Sharing the responsibilities of parenthood has emphasized Anna and Justin’s need for good teamwork. There are times of day or situations where one or the other seems to rise to the occasion.
“Usually you trade off,” Justin said.
“We’ve learned that Justin tends to be pretty stressed out during the day with him, and I tend to be more stressed out at night,” Anna said. “So if at three in the morning I’m having a tough time, Justin’s usually pretty calm; and at three in the afternoon if Justin’s super stressed out I’m usually pretty calm.”
Justin said he can get anxious when Riley cries when they are out among strangers.
“In public I feel like people are judging us for a crying baby,” he said.
Anna said her hardest time is 6 a.m.
“He wakes up for a feeding and he doesn’t want to go back to bed … and I just want to go back to sleep,” she said.
Justin admits that when he returned to work after a week off he was worried about his wife because she wasn’t getting much sleep.
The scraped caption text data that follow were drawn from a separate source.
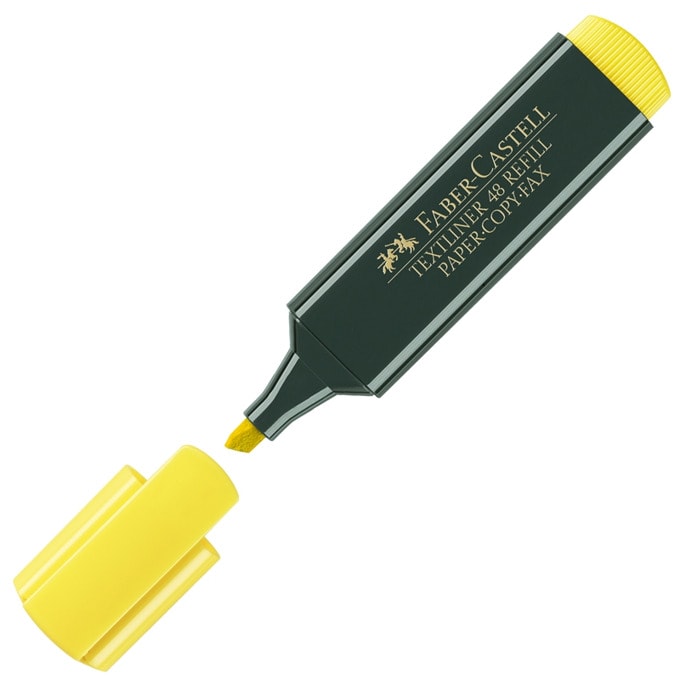 Faber-Castell Текст маркер 48 4 жълт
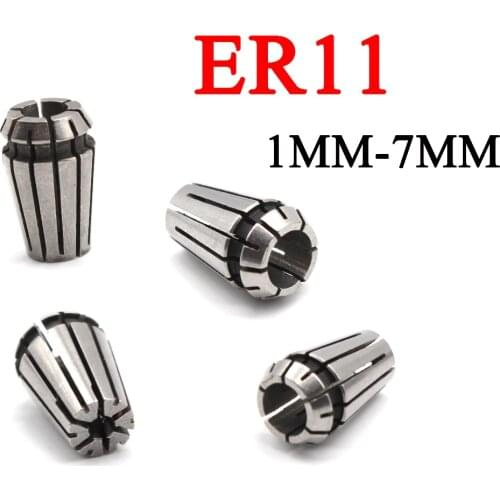 1pc ER11 1-7MM Spring Collet High Precision Collet Set For CNC Engraving Machine Lathe Mill Tool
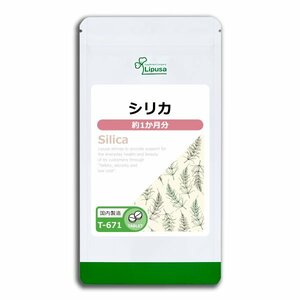 シリカ　約１か月分（60粒）　リプサ 　　　ミネラル　コラーゲン　　　送料無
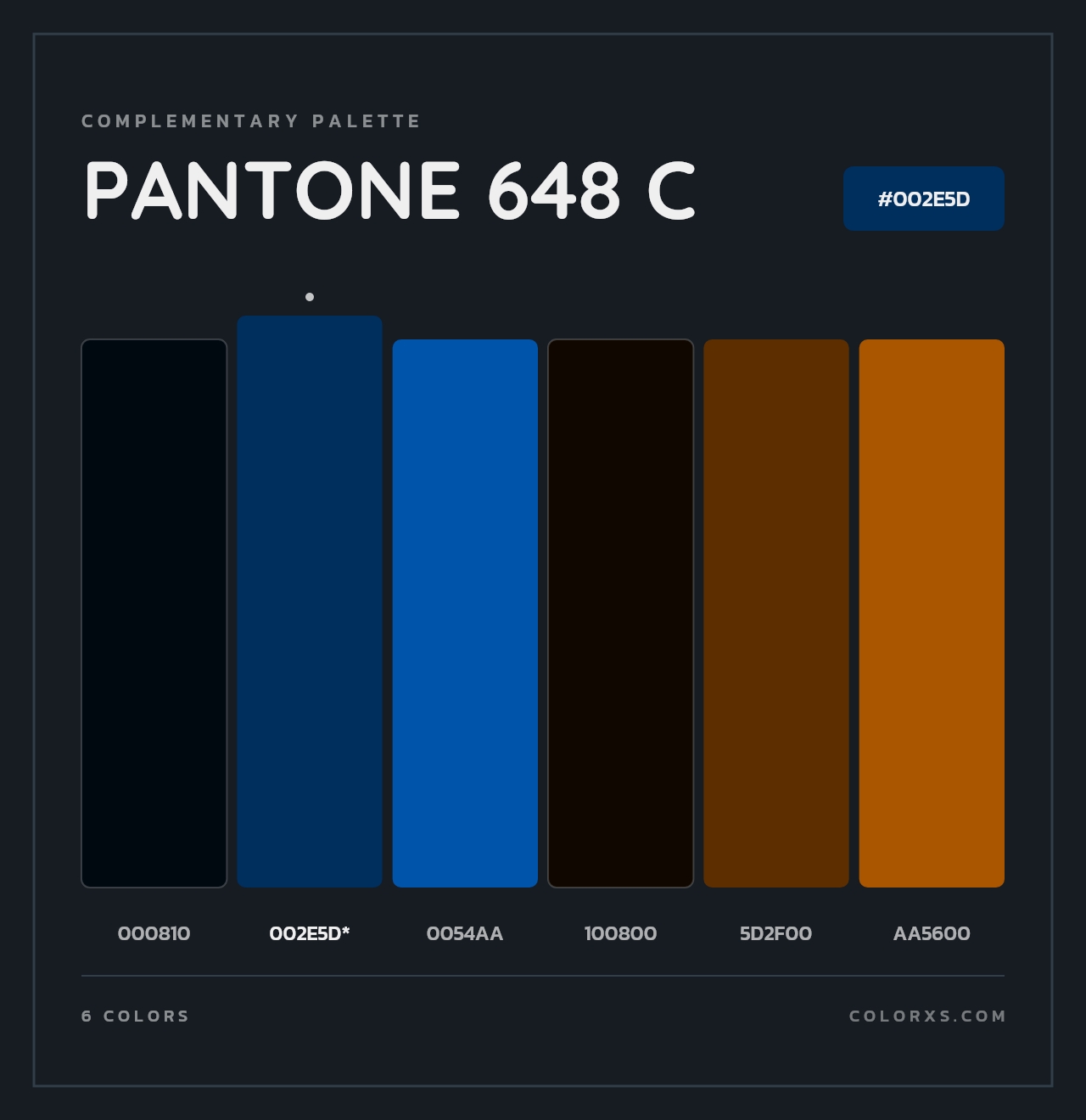 PANTONE 648 C - Complementary Color Palette
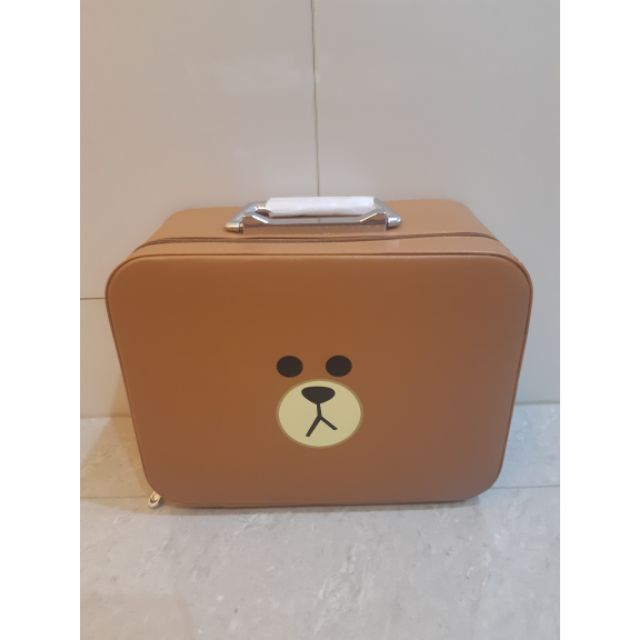 熊大造型大容量硬殼化妝箱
Some days he had to leave for his job as a cook at Middlebury College at 4 a.m., which meant Anna was alone with Riley when he woke up — if the baby was still sleeping.
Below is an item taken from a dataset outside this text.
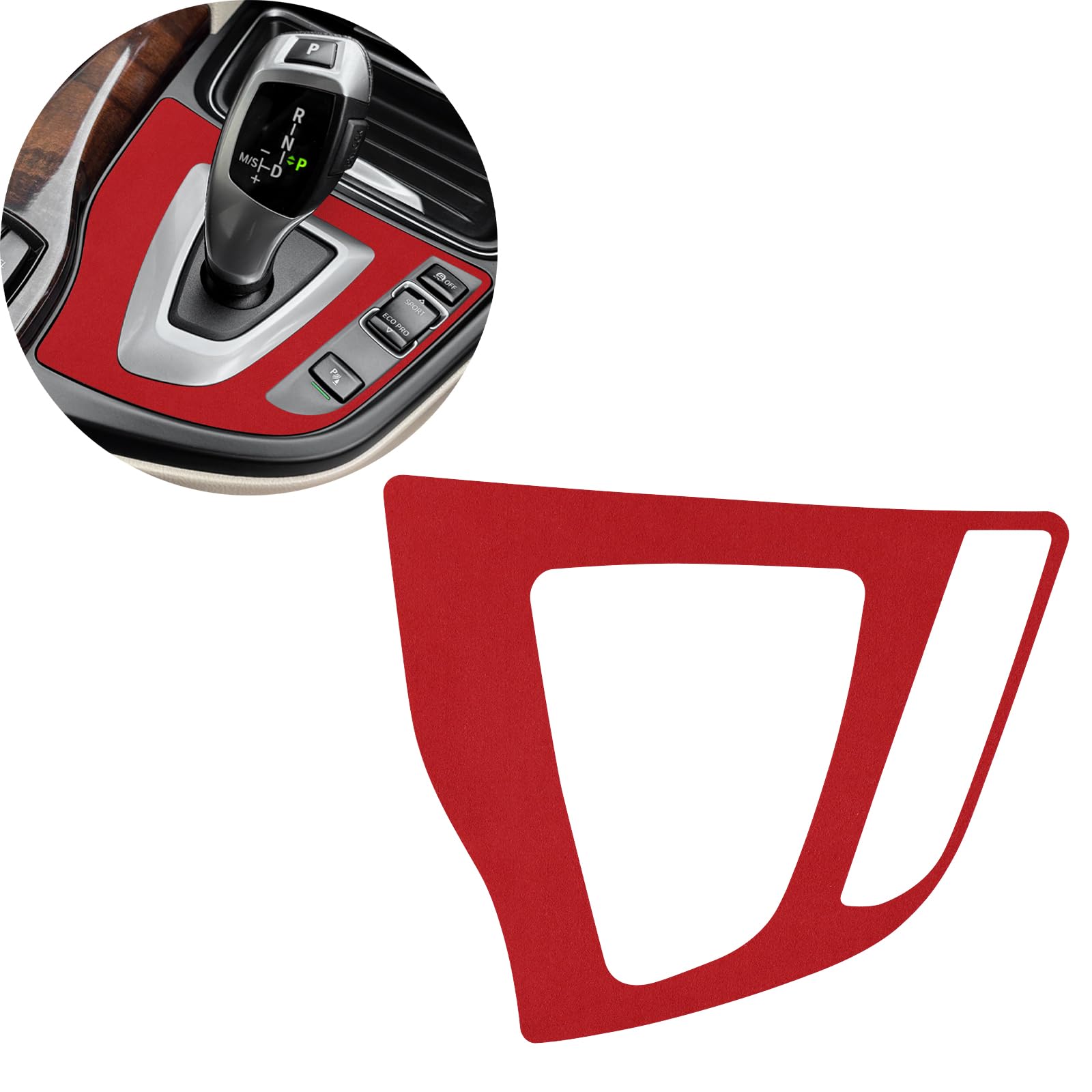 FDAIUN Car Center Console Gear Shift Panel Cover Trim Decoration красный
“I felt kind of guilty just getting out of the house,” he said.
Justin did that for a few days until he injured his knee and had to go on a medical leave from work.
“So I got him back,” Anna said, perhaps a little pleased with her good luck at the expense of his bad. “It kind of worked out.”
And the team is bigger than just mom and dad. Eight-year-old Mason, Justin’s first son, spends some time at this dad’s house and some at his mother’s. He takes a genuine interest in his baby brother. He’s fed Riley and gives him a pacifier when needed.
“I put Riley on the couch and tell Mason not to let him hit the ground,” Justin said.
“This morning when Daddy was in the bathroom I watched him; he was in the swing,” Mason said.
What if Riley started crying?
“I’d probably go get Anna or put the pacifier back in,” Mason said.
“The only thing we can’t convince Mason to do is change a diaper,” Anna teased.
And Anna’s mother, Mary Ann Osborne, has been a godsend.
At the end of the third week, Osborne took Riley to her home in East Middlebury for five hours so that Anna and Justin could just go home and sleep.
“That was the first time we felt like we didn’t have control,” Anna said. “We were so tired that we felt like we couldn’t even take care of ourselves.”
Anna knows that her mother loves having her grandson around. “He was there five or six hours and I don’t think he ever got put down,” Anna said. But still Anna sometimes finds it difficult to ask for help.
“She always offers, but I feel kind of guilty asking her,” Anna said. “She’s sooo busy. She’s coaching the skating show, and I’m not doing that this year.”
And Osborne is busy with her job at Middlebury College working with students.
But Anna’s assessment of grandma’s help is unequivocal.
“She’s been great,” she said.
As the Harringtons marked the first month of tiny Riley’s life, they paused for a moment to savor the milestones their son had already achieved — a growing sense of alertness and tracking of the world around him with his eyes, Anna even filed his nails once, after he scratched his face (“He was sort of OK with it, he wasn’t happy, but OK,” Anna said). The initial jaundice has completely disappeared. The sleeping is quite good at times. They spent an hour and a half in a restaurant when relatives came to visit.
And they look forward to breakthroughs just over the horizon — controlling his head, sitting up, playing on the mat and, of course, sleeping through the night.
And there’s also a recognition that time is passing and they are really doing it, they are being parents.
“It seems like it’s gone fast … maybe too fast,” Anna said, “maybe just the right amount of fast.
“I don’t mind these days flying by — fussing and being up every three hours; maybe in a month I’ll want it to slow down.”